Provided data:
BEGIN

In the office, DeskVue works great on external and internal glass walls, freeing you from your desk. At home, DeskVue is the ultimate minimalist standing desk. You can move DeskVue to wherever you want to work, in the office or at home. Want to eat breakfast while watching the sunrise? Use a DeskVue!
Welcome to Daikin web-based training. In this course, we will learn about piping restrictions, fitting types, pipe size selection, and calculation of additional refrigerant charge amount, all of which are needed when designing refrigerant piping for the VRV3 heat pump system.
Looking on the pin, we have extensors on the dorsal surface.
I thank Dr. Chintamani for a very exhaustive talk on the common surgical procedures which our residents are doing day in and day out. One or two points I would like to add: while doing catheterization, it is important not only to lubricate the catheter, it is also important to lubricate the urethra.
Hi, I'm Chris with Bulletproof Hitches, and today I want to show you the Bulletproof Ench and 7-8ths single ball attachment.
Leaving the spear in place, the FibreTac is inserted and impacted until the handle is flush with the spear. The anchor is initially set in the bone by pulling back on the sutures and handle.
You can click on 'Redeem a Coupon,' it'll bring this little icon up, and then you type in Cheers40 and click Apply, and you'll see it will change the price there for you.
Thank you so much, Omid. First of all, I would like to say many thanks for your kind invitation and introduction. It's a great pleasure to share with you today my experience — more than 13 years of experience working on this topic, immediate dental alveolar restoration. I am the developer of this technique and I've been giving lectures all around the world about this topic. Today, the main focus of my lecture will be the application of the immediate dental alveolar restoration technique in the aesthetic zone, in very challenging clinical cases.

END
BEGIN

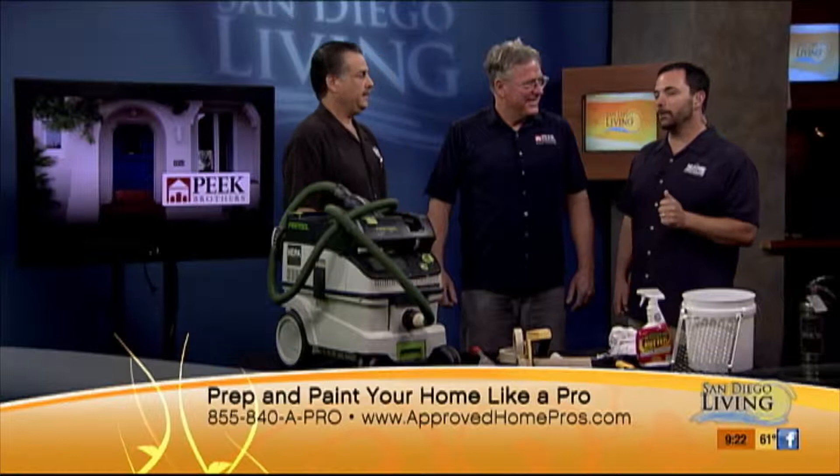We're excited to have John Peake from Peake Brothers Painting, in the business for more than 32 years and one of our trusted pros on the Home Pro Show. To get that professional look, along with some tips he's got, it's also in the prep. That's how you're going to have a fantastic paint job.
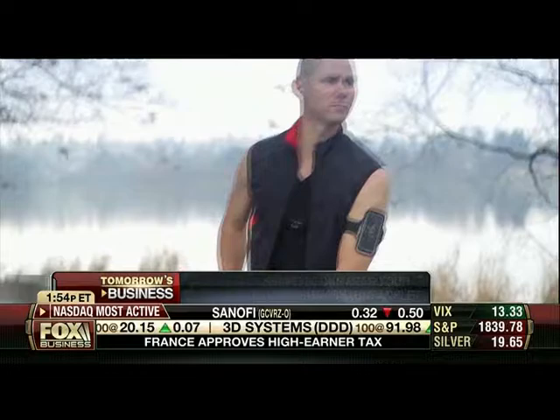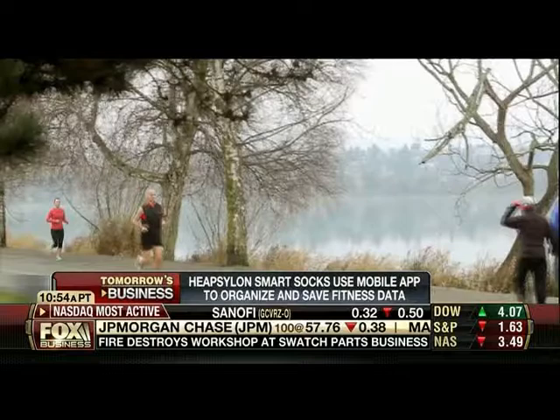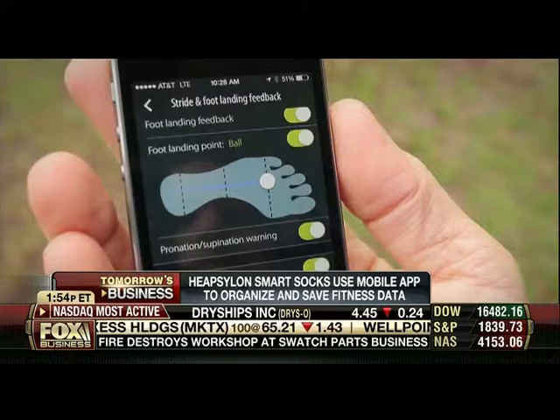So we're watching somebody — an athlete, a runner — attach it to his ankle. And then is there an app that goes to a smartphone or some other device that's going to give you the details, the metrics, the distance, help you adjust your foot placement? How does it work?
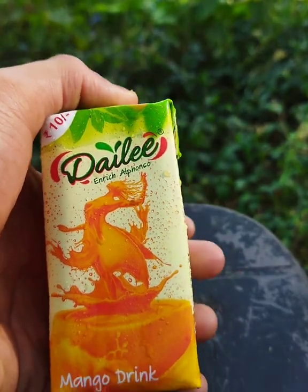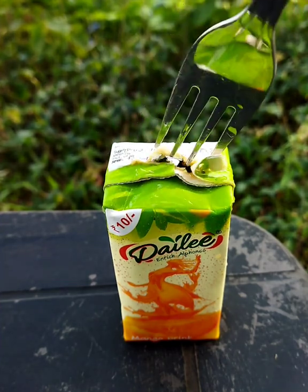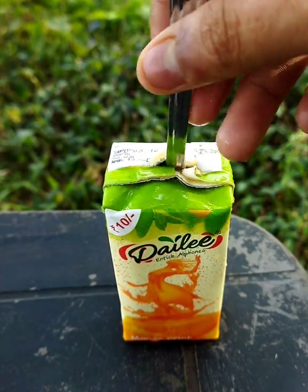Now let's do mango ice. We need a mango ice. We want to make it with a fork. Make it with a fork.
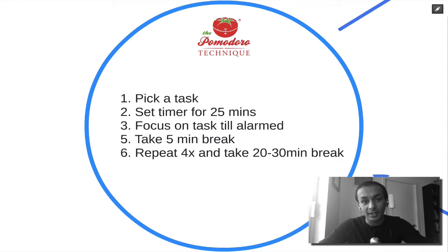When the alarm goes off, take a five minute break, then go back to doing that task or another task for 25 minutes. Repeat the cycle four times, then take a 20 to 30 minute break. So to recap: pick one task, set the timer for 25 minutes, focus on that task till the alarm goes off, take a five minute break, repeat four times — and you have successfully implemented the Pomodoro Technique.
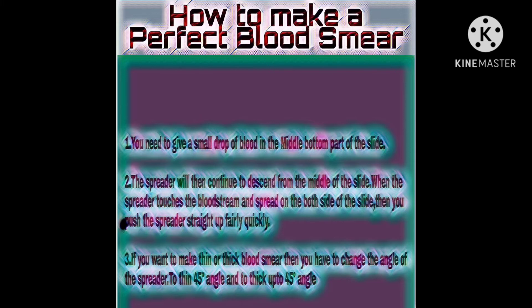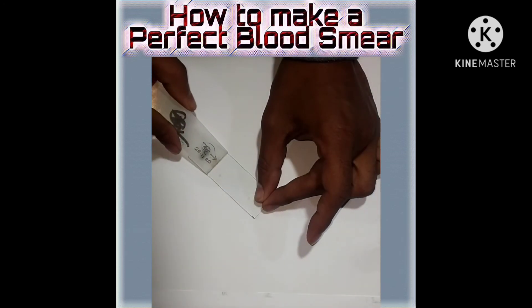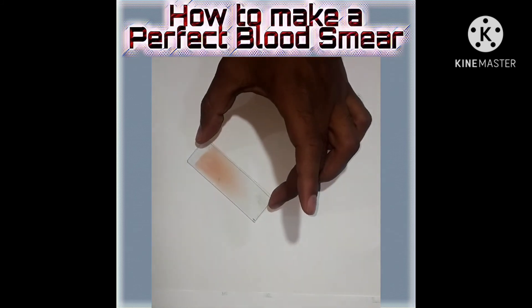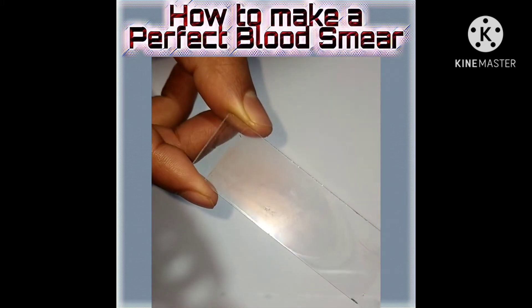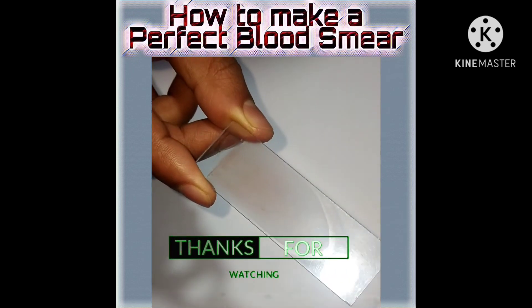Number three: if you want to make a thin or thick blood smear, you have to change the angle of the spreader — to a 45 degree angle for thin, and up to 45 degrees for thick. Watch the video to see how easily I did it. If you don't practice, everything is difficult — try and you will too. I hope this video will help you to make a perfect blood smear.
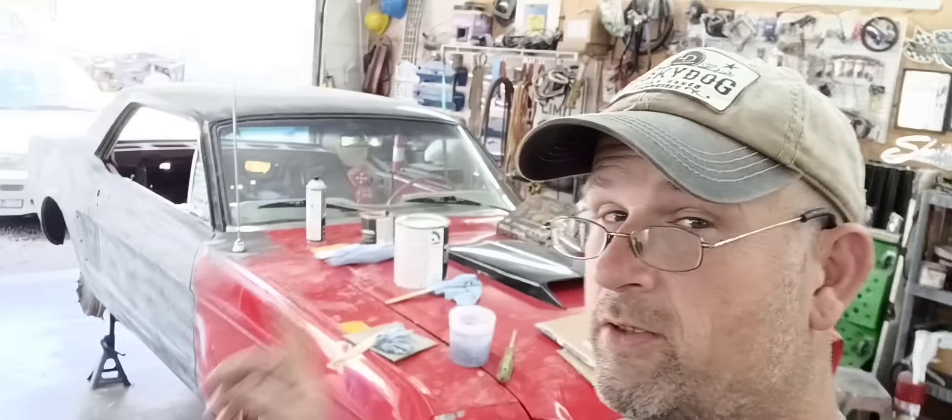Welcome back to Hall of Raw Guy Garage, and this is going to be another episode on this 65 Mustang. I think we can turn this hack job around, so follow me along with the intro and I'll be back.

END

Problem:
After locating the line with "In the office, DeskVue" above, return that line and every later line through the one with "You can click", word for word and with nothing else.

Solution to the exercise:
In the office, DeskVue works great on external and internal glass walls, freeing you from your desk. At home, DeskVue is the ultimate minimalist standing desk. You can move DeskVue to wherever you want to work, in the office or at home. Want to eat breakfast while watching the sunrise? Use a DeskVue!
Welcome to Daikin web-based training. In this course, we will learn about piping restrictions, fitting types, pipe size selection, and calculation of additional refrigerant charge amount, all of which are needed when designing refrigerant piping for the VRV3 heat pump system.
Looking on the pin, we have extensors on the dorsal surface.
I thank Dr. Chintamani for a very exhaustive talk on the common surgical procedures which our residents are doing day in and day out. One or two points I would like to add: while doing catheterization, it is important not only to lubricate the catheter, it is also important to lubricate the urethra.
Hi, I'm Chris with Bulletproof Hitches, and today I want to show you the Bulletproof Ench and 7-8ths single ball attachment.
Leaving the spear in place, the FibreTac is inserted and impacted until the handle is flush with the spear. The anchor is initially set in the bone by pulling back on the sutures and handle.
You can click on 'Redeem a Coupon,' it'll bring this little icon up, and then you type in Cheers40 and click Apply, and you'll see it will change the price there for you.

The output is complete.